AMS Pictures head Andy Streitfeld is flanked by the namesake of Ma's Roadhouse and her son, Rick Fairless, owner of the Strokers Dallas motorcycle shop and adjacent bar/restaurant. Photo: Ed Bark

By ED BARK
Need a new guilty pleasure as part of your TV viewing regimen?

You might want to try truTV's Ma's Roadhouse, a low brow, hoot 'n' holler reality TV series produced by Dallas-based AMS Pictures and airing Wednesday nights at 8 p.m. (central).

The half-hour show's namesake is the chain-smoking, liquor-sipping, frequently bleeped 71-year-old mother of Strokers Dallas biker shop/bar-restaurant owner Rick Fairless.

"He's a dumb ass," she affectionately says of her son. TruTV is positioning Ma (full name, Sharon Fairless) as a "redneck Betty White," which currently is better than being a Southern-fried Cloris Leachman.

AMS threw a premiere party for last Wednesday's first two episode of Ma's Roadhouse, during which Ma bitched about tattooed bikini girls, her driver's license renewal test and anything else that displeased her -- which is just about everything. Her voice sounds as though it's channeled through a tracheotomy hole. But Fairless assured party-goers that she's healthy as a horse and willing to throw a shoe at anyone who gets in her way.

The network's description for the Wednesday, Sept. 22 episode (one of six more to come) says "it's the day of the Strokers Ink Anniversary bash, and Rick discovers evidence that a tattoo artist he once fired is now trying to steal his customers.

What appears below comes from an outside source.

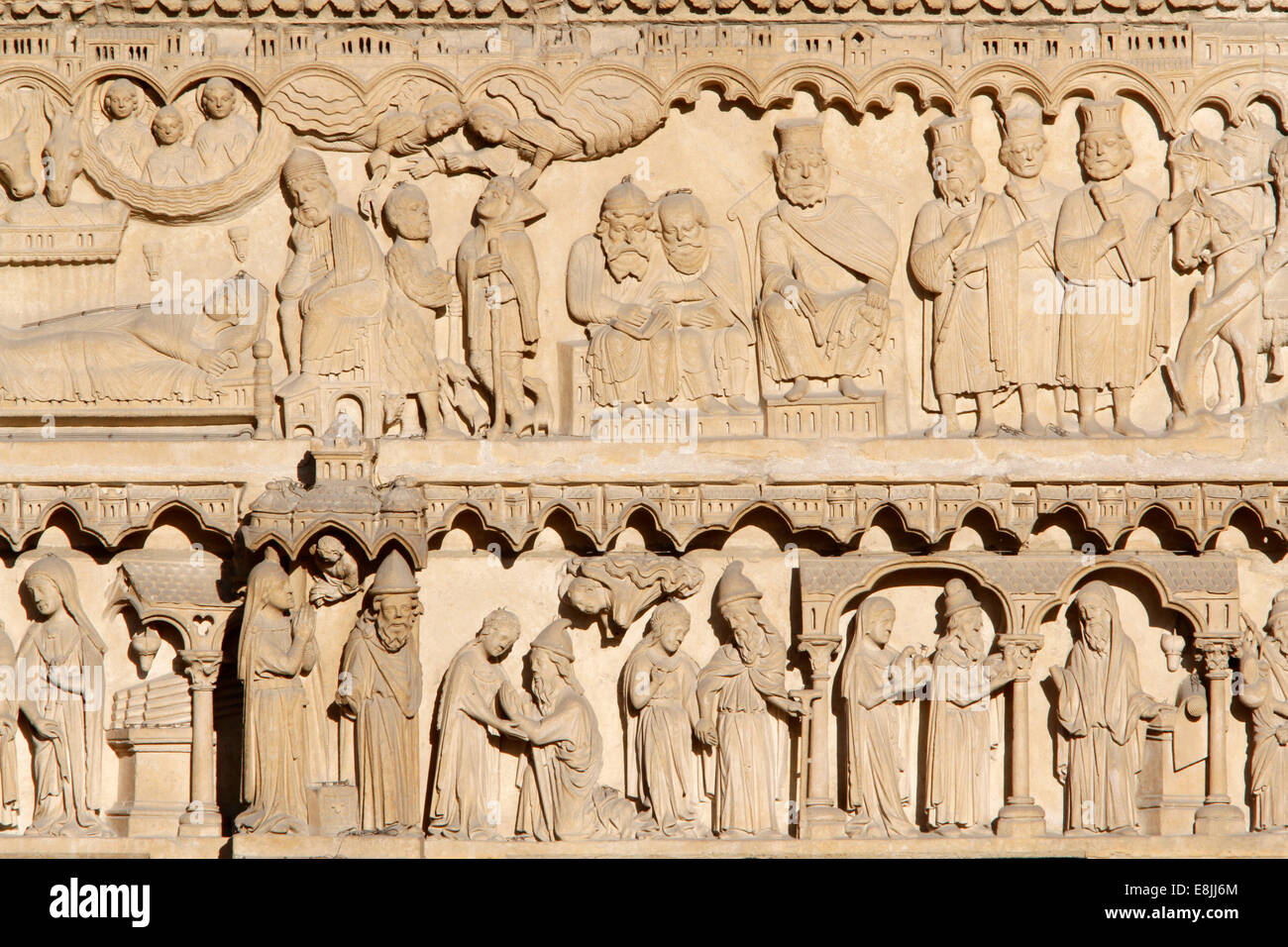 Kathedrale Notre-Dame de Paris. Westliche Fassade: Portal der Sankt-Anna: biblische Thema: Leben der Jungfrau Maria. Stockfoto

To complicate matters, a health inspector pops in for a surprise visit, prompting a confrontation with Ma."

Just about anything prompts a confrontation with Ma, who's the oft-high-larious mother's milk of Ma's Roadhouse. As with most "reality" series, some of this stuff is concocted, with all of the real-life participants (including Fairless' daughter, Lena and wife, Sue) then acting out their parts. The all-business health inspector getting smashed on Ma's "Texas Tea" before stripping his shirt off, for instance. Transparently fake.

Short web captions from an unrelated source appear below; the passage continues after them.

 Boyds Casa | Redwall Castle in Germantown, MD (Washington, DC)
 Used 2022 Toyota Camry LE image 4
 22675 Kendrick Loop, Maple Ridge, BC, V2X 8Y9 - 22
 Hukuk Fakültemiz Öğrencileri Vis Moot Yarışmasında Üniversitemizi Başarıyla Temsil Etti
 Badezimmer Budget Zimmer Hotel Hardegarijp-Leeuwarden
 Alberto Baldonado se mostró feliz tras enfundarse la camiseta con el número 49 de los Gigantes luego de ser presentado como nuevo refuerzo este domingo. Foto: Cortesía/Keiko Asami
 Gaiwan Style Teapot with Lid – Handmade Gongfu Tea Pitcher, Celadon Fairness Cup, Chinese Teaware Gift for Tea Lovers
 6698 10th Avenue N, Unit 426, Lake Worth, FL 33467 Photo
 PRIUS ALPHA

The Fairless family has been this route before, on an earlier Speed Channel series titled Texas Hardtails. It premiered in July 2005, but wasn't renewed after 10 episodes.

"My idea for this show was always bikes, babes and beer," Fairless said at the time.

Little has changed in the five years since, save for a ramped-up role for cantankerous Ma. Actually that counts for a lot. She pretty much makes the show.

AMS also currently produces Girl Meets Gown for WEtv and has a show in development, Homecourt Advantage, that would star Dallas Mavericks guard Jason Terry and his family. Another potential series, Hot Texas Models, would feature Joan Bush, a Texas modeling agency owner whose husband is country singing star John Rich.

The company's owner and founder, Andy Streitfeld, told party-goers that a possible series featuring the Twin Peaks restaurant chain has a working title of Breastaurant. AMS also has been active on the higher-minded documentary front, where its productions have included Stop the Presses and The Good Fight: James Farmer Remembers the Civil Rights Movement.